For me, Earth Hour is one of the most inspirational events of the year. It’s the world’s largest mass participation event for the environment, bringing together millions of people, businesses and governments to share a common cause and a common sense of purpose – the need to tackle dangerous global climate change.
Last year, people in 162 countries ‘switched off and had fun in the dark’ to support Earth Hour. This simple, symbolic gesture shows that we really do care about the future of our planet.
But there are some lights that you just wouldn’t want to switch off. The Northern Lights (Aurora Borealis) and the Southern Lights (Aurora Australis) are amongst nature’s most spectacular displays, and I’ve been fortunate to witness them in both polar regions.

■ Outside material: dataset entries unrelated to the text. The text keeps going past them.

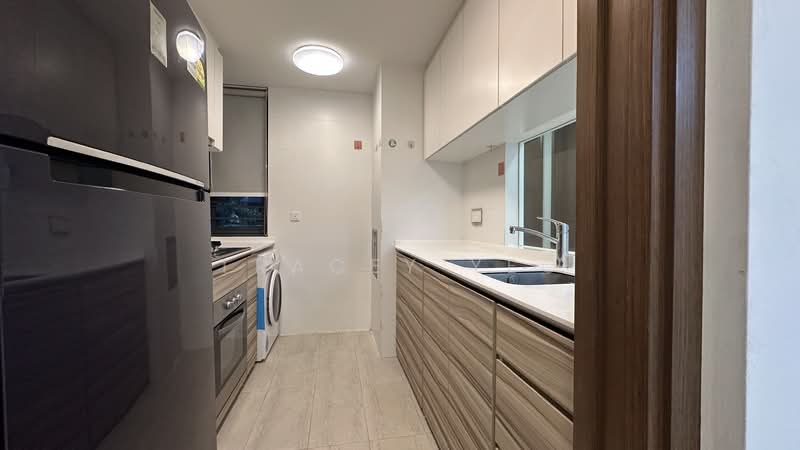 82 Punggol Central photo 4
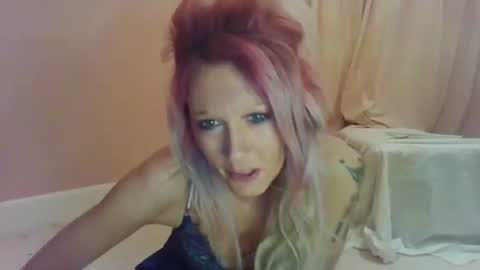 Kaligirll online show from May 2026 05:45:01 AM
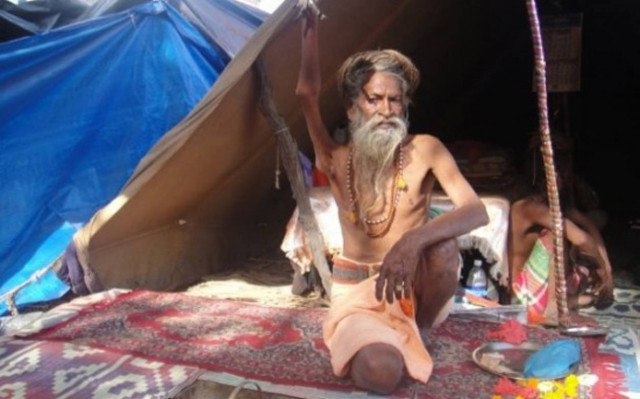 Ο άνθρωπος που κρατάει όρθιο το χέρι του εδώ και... 41 χρόνια (pics)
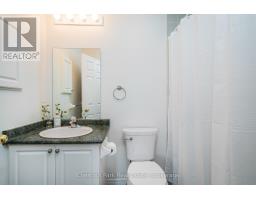 16 GREEN PINE CRESCENT - 33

Early explorers marveled at them. Inuit, Viking and Maori recounted legends about them, including stories of evil spirits, feasts with the gods or kinsmen trapped in polar ice-caps lighting bonfires as rescue beacons.
So what are these lights that arc across the polar skies, dancing and shimmering, twisting and turning and rolling over themselves? This video goes some way to capturing their wonder and beauty.
In fact, the aurora are caused by solar wind from the sun hitting the magnetic field of the Earth above the poles and producing electrical currents. These currents cause atmospheric gases to glow. Or – to put it another way – it’s a bit like having a massive fluorescent tube flickering above each of the poles!
My top 10 illuminating facts about the Aurora
- The Aurora occur in the upper atmosphere and are commonly seen during the night in the polar regions.
- The Aurora Borealis occurs over the Earth’s north geomagnetic pole and the Aurora Australis occurs over the south geomagnetic pole – in regions known as ‘auroral ovals’
- Occasionally the Aurora Borealis can be seen from here in the south of England, but this takes place only once or twice a decade.
- The Aurora Borealis is named after the Roman goddess of the dawn, Aurora, and the Greek term for “wind of the north,” boreas.
- Captain James Cook coined the term Aurora Australis following his voyage of discovery to the Antarctic in his ship the Resolution (1772-1775)
- Green is the most common colour in the Aurora and is caused by atomic oxygen at altitudes of about 100 and 200kms.
- Red is only seen in the Aurora if the atomic oxygen is created above 250 kms
- Aurora also occur on other planets, including Jupiter, Saturn, Uranus and Neptune.
- The Aurora on Saturn is only seen in ultraviolet light and can only be observed from space.
- Astronauts on board the International Space Station are at roughly the same altitude as the auroras so they see them from above or side-on!
Enjoy Earth Hour wherever you are
Let’s make sure that governments across to world also come together to strike a fair deal on tackling climate change.